Il y a eu cependant deux surprises en 2012 : le ralentissement dans les pays émergents un peu plus brutal et plus étendu que ce à quoi l'on s'attendait, et l'adoption par l'Europe de quelques réformes véritablement remarquables, mais encore très insuffisantes.
En 2013, les USA et l'Europe seront les lieux de tous les dangers. Par contre, la Chine dispose des instruments, des ressources, des incitations voulues et du savoir nécessaire pour éviter un atterrissage brutal de l'économie. Et contrairement à ce qui se passe dans les pays occidentaux, les idées destructrices telles que "l'austérité expansionniste" n'y font pas recette.

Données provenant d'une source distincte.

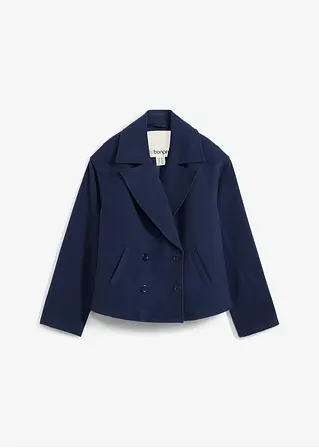 Cabanjacke, Wollimitat in blau von vorne - bonprix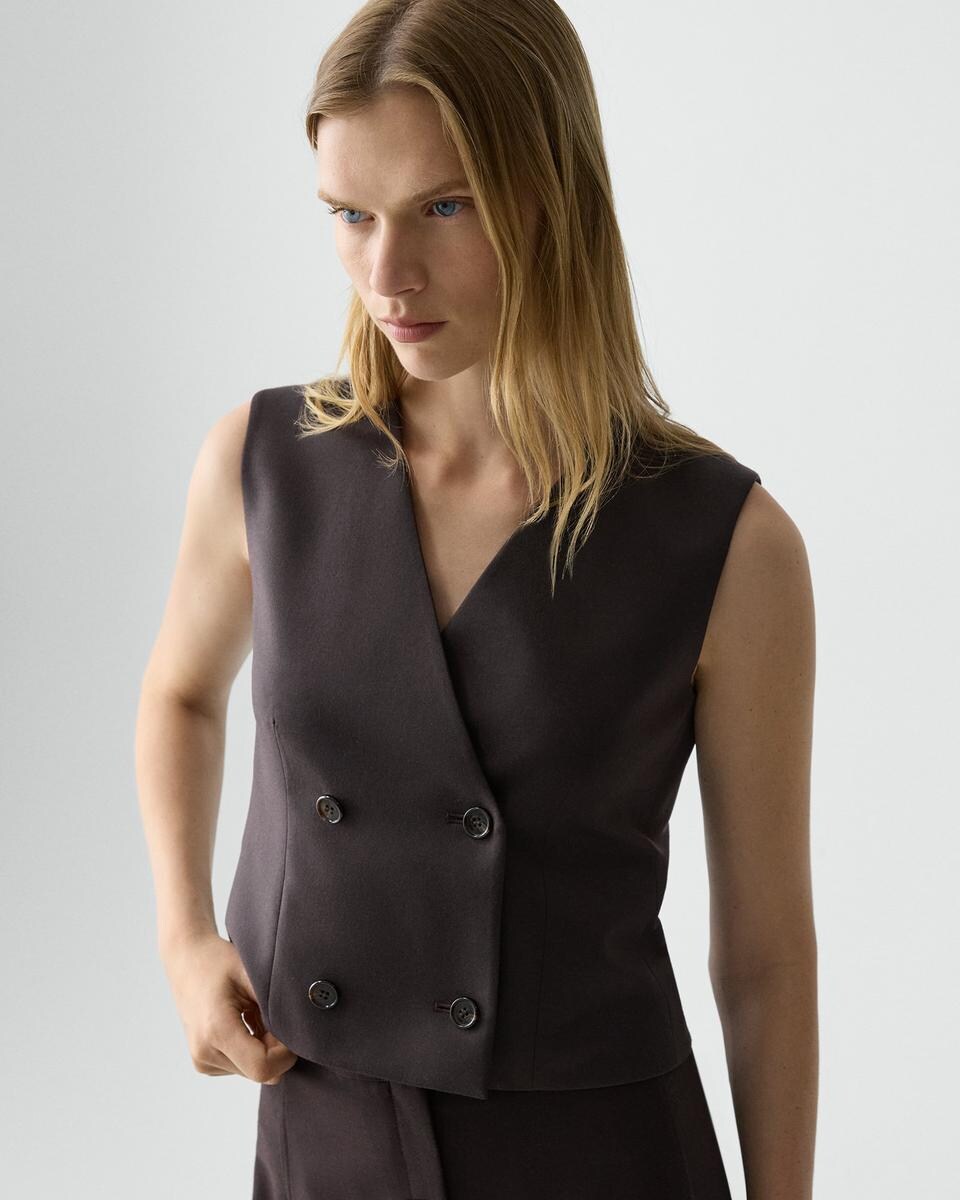 Shrunken Double-Breasted Vest in Sleek Flannel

Les Chinois ont compris qu'ils doivent maintenant donner la priorité à la "qualité" de la croissance (rééquilibrer l'économie en diminuant la part des exportations et en augmentant la consommation intérieure), au lieu de se focaliser uniquement sur le volume de la production. Malgré la réorientation de l'économie chinoise et les difficultés de l'économie mondiale, une croissance de l'ordre de 7% devrait maintenir le cours des matières premières, ce qui bénéficiera aux pays exportateurs d'Afrique et d'Amérique latine. Une troisième période de relâchement monétaire de la part de la Réserve fédérale américaine aiderait aussi les exportateurs de matières premières, mais ne favoriserait guère la croissance intérieure aux USA.
Obama réélu, les USA vont sans doute se débrouiller tant bien que mal, comme ils le font depuis quatre ans. Des semblants de redémarrage du marché immobilier suffiront à dissuader de recourir à des mesures spectaculaires comme une diminution des dettes immobilières des propriétaires qui ont vu le prix de leur logement dégringoler en dessous des sommes qu'ils doivent rembourser. Mais comme les prix réels dans l'immobilier (ajustés en fonction de l'inflation) sont encore inférieurs de 40% à leur dernière valeur pic, une reprise forte du secteur de l'immobilier (et de celui de la construction qui lui est lié) semble improbable.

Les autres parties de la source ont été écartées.